▶ _WORK REQUEST_: Without any pictures, the records below should be reproduced exactly.
** Opening DATASET ENTRIES block **
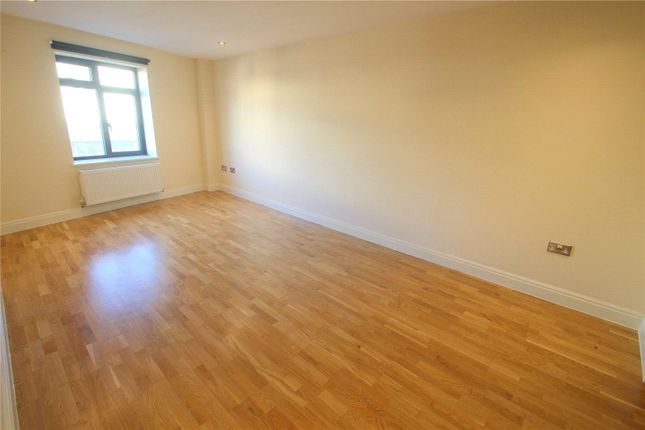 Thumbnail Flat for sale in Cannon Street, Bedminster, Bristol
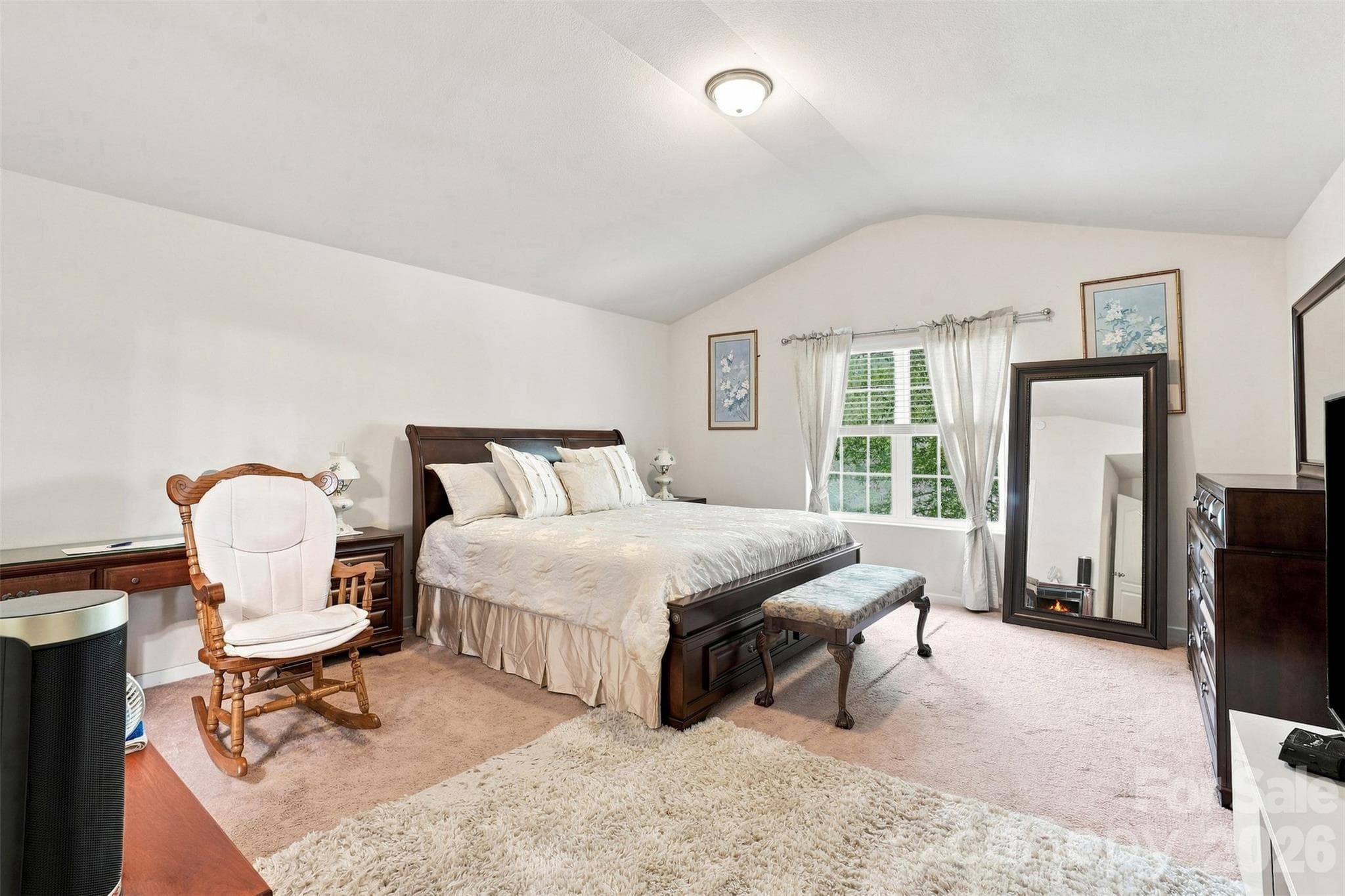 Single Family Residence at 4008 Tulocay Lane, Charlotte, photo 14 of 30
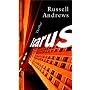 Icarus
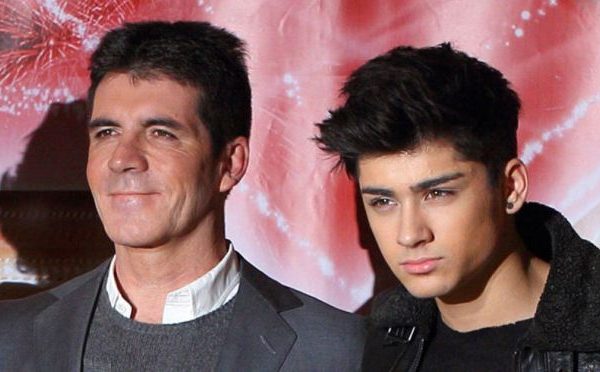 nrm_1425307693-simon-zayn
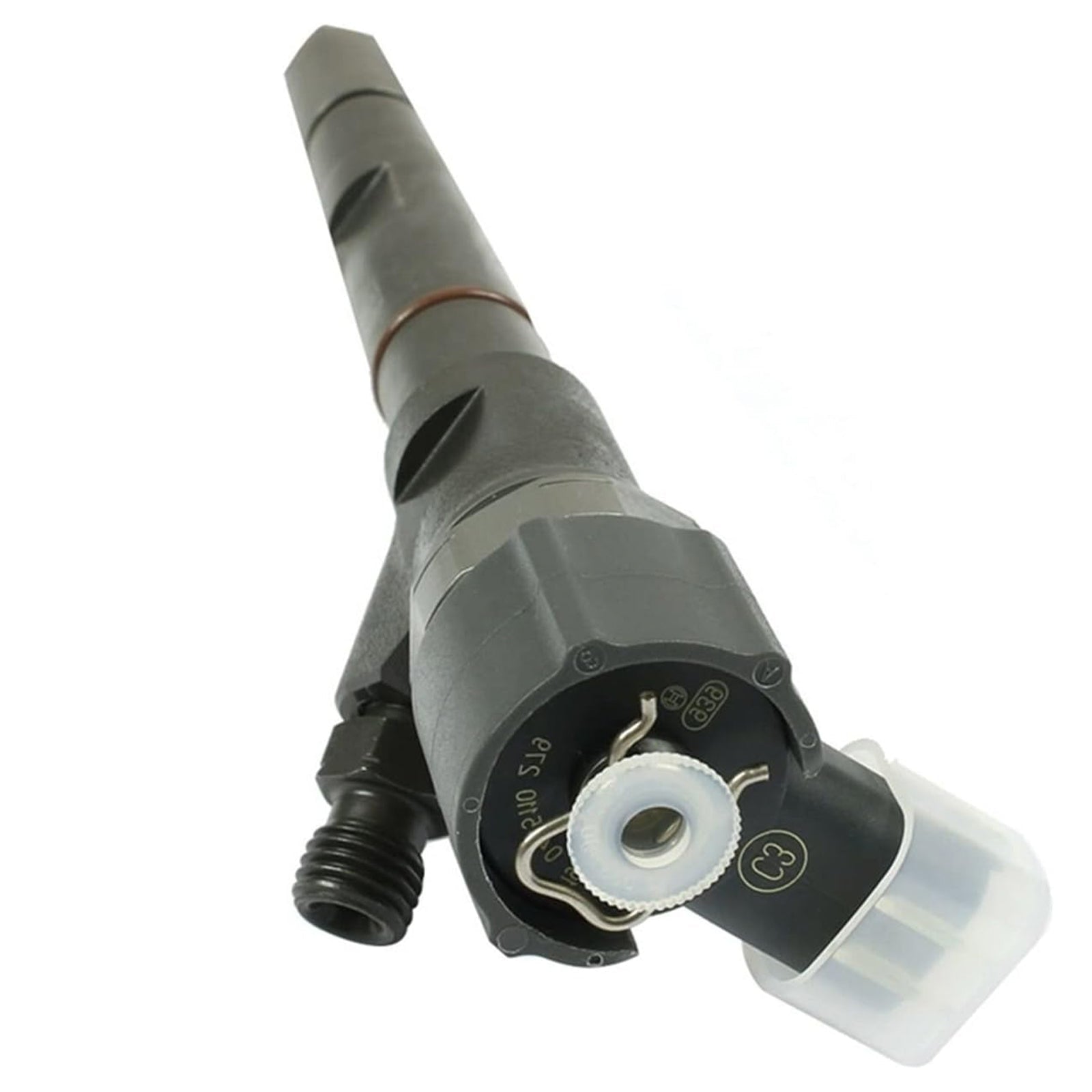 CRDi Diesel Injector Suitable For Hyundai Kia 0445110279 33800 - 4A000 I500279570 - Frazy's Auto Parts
** Closing DATASET ENTRIES block **
▶ _WRITTEN REPLY_:
 Thumbnail Flat for sale in Cannon Street, Bedminster, Bristol
 Single Family Residence at 4008 Tulocay Lane, Charlotte, photo 14 of 30
 Icarus
 nrm_1425307693-simon-zayn
 CRDi Diesel Injector Suitable For Hyundai Kia 0445110279 33800 - 4A000 I500279570 - Frazy's Auto Parts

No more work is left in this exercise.